Captioned web image data
*** Block opens ***

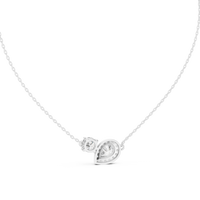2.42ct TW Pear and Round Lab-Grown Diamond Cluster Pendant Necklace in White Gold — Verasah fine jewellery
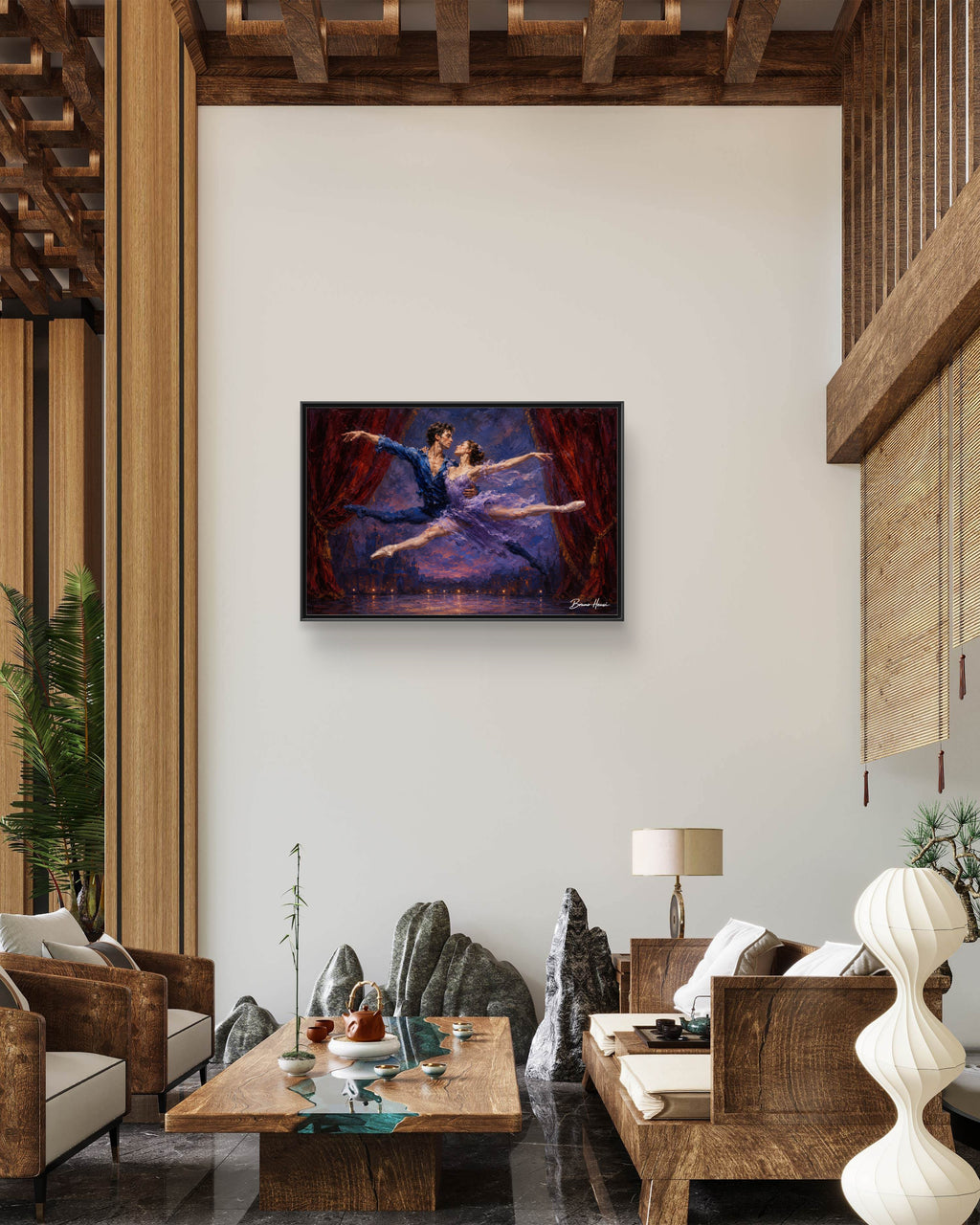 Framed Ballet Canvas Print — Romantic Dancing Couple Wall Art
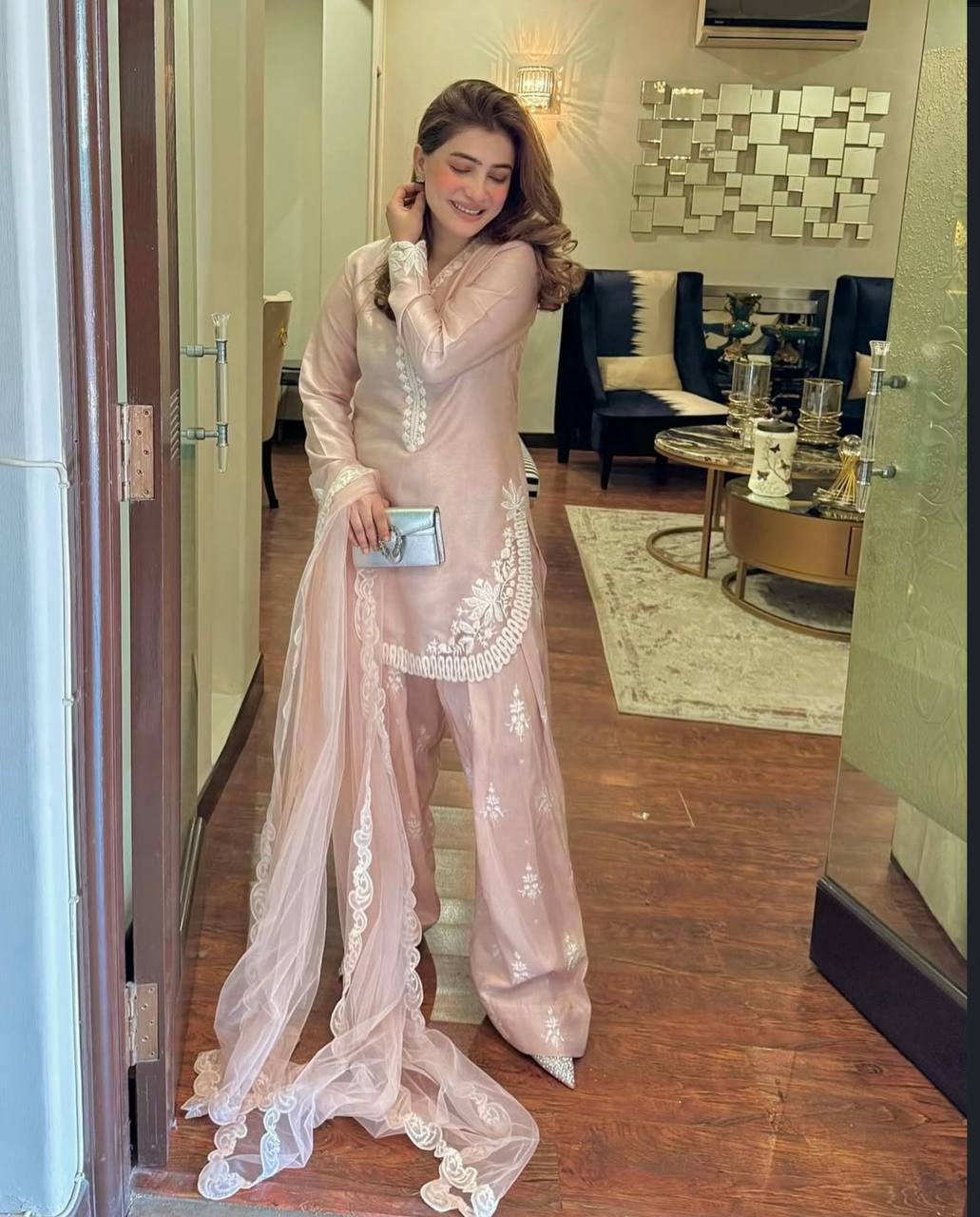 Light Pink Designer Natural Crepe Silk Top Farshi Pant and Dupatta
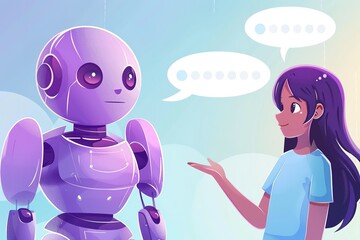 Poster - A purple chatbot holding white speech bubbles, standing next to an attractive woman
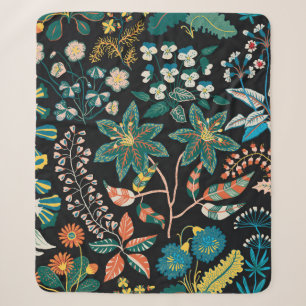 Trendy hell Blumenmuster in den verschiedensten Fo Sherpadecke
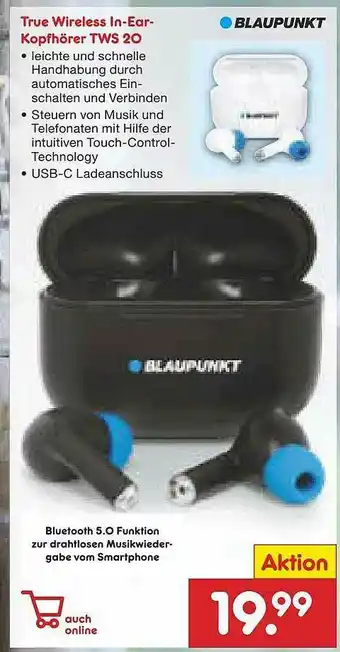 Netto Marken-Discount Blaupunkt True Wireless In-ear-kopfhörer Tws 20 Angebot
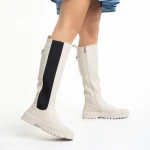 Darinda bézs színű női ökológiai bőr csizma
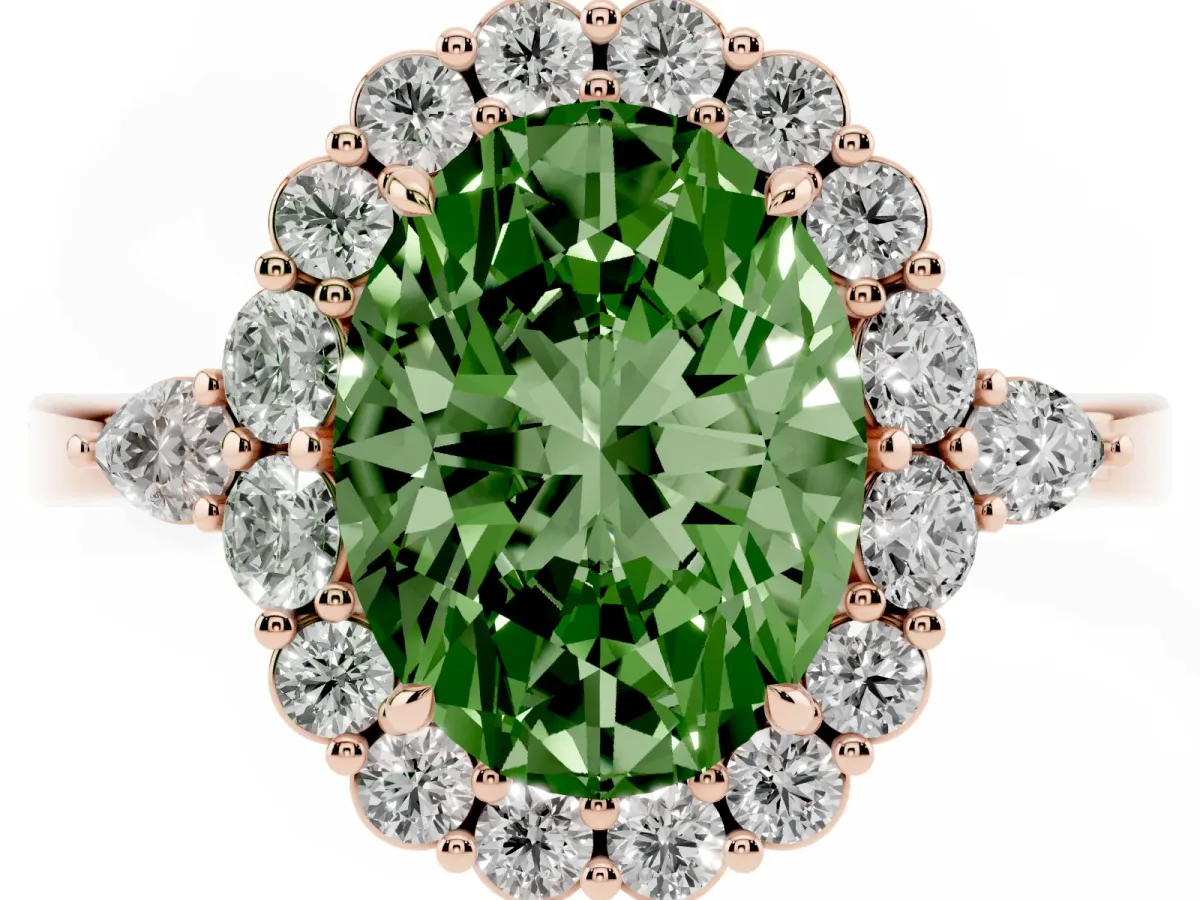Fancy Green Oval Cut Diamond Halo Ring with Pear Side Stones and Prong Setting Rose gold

*** Block closes ***

• _TASK STATEMENT_:
Repeat every entry exactly. Do not include the pictures.

• _EXERCISE SOLUTION_:
2.42ct TW Pear and Round Lab-Grown Diamond Cluster Pendant Necklace in White Gold — Verasah fine jewellery
 Framed Ballet Canvas Print — Romantic Dancing Couple Wall Art
 Light Pink Designer Natural Crepe Silk Top Farshi Pant and Dupatta
 Poster - A purple chatbot holding white speech bubbles, standing next to an attractive woman
 Trendy hell Blumenmuster in den verschiedensten Fo Sherpadecke
 Netto Marken-Discount Blaupunkt True Wireless In-ear-kopfhörer Tws 20 Angebot
 Darinda bézs színű női ökológiai bőr csizma
Fancy Green Oval Cut Diamond Halo Ring with Pear Side Stones and Prong Setting Rose gold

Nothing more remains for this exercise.